Ocnus.Net

Dysfunctions
Fillon's campaign of the living dead
By Aline Robert and James Crisp, EurActiv 15/2/17
Feb 16, 2017 - 10:41:52 AM

François Fillon, the centre right's candidate in France’s presidential elections, is a dead man walking, a lumbering, dangerous zombie who doesn’t know his time is up.

First, there was the scandal over his wife’s job. It is alleged that he paid her out of taxpayer’s money for work she never actually did.

Next was his scandalously juicy contract with insurance giant AXA, and now his spokesman Thierry Solère is being chased by the law for not paying his taxes.

The blows keep raining down on this punch-drunk fighter, who is as shot as his campaign but keeps shuffling back off the ropes for another beating.

All members of the walking dead have one thing in common. They just won’t do the decent thing and die.

Party activists don’t even dare to hand out his campaign leaflets in the Sunday markets anymore.
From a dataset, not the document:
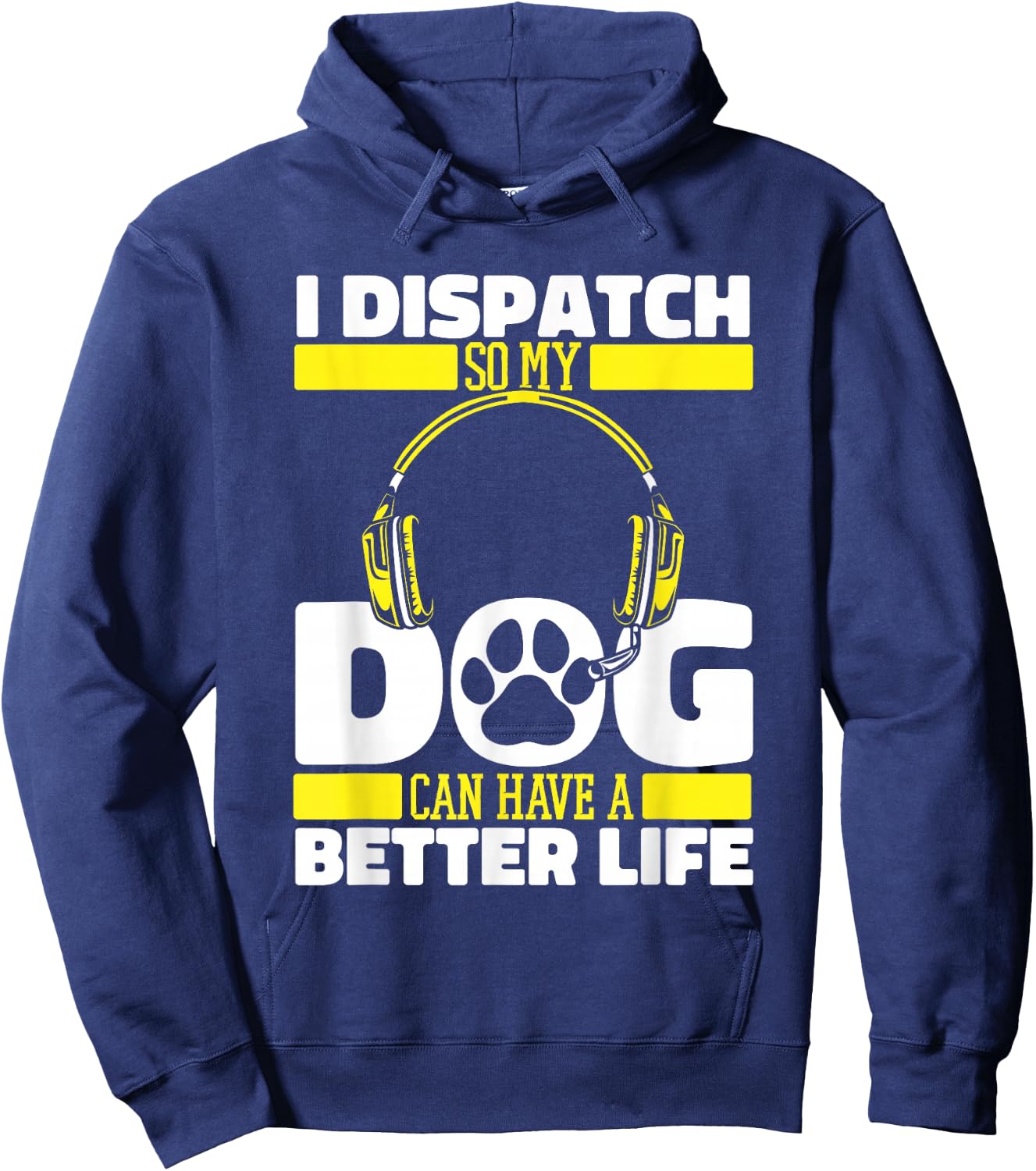 Police Dog - Gold Thin Yellow Line Emergency Dispatcher Hoodie - Hoodie | Navy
You can hardly blame them, even Fillon's hardcore supporters are turning their backs.

Some have even demanded a refund on their €4 fee to vote in the primary. Plotters in his Republicans party are circling, daggers snug in their togas.
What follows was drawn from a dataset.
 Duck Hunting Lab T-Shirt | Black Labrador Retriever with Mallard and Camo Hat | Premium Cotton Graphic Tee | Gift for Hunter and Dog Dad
Or, more accurately, they are getting ready to dispatch the zombie in the traditional way – with a fatal blow to the brain.

But Fillon is clinging on and for good reason. His party, split between the supporters of Sarkozy, Juppé and other factions, can’t agree on who should replace him.
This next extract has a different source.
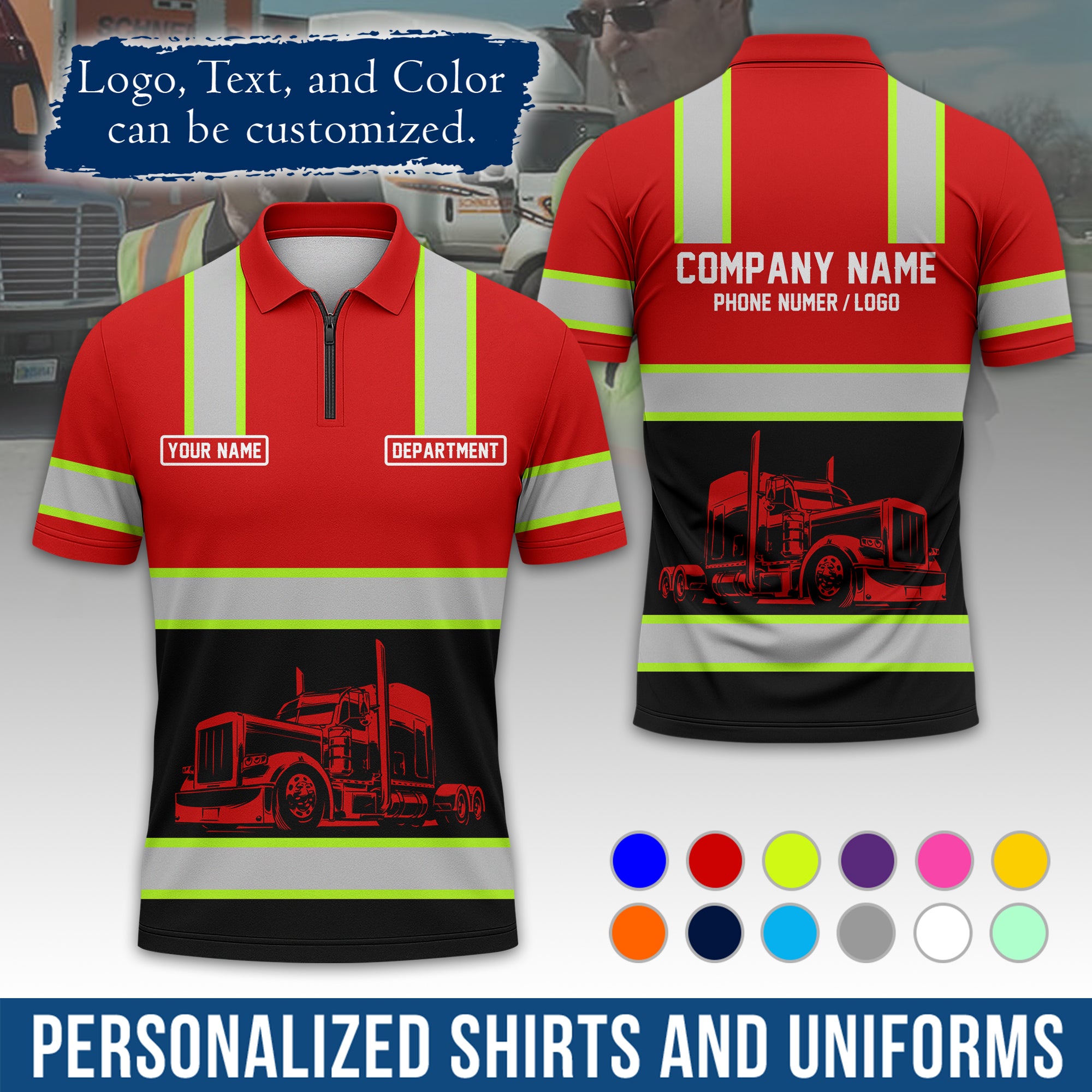 Custom Polo Shirt for Semi Truck Drivers, Personalized Logo, Company Text & Contact Info PL03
Alain Juppé is theoretically the frontrunner after coming second to Fillon but, perhaps wary of zombification, he says he doesn’t want the poisoned chalice.

Even if France elects this denizen of the damned, Fillon won’t be able to deliver on his campaign promises.

He wants to privatise some parts of health insurance but if he does he will face accusation he is only doing it to fill AXA’s pockets.

If he asks the French to swallow a VAT hike, they will rightly remind him that the only member of his family not seemingly employed by the state is his dog.

Aside from transforming France into the laughing stock of Europe’s embassies, Zombie Fillon poses a clear and present danger to Europe.

His voters could desert the undead candidate for the Eurosceptic National Front, which has promised a Frexit referendum on France's EU membership.

Instead of swopping smug asides about the travails of the French right over canapés and champagne, Europe’s elites could find themselves the stars of their very own horror show.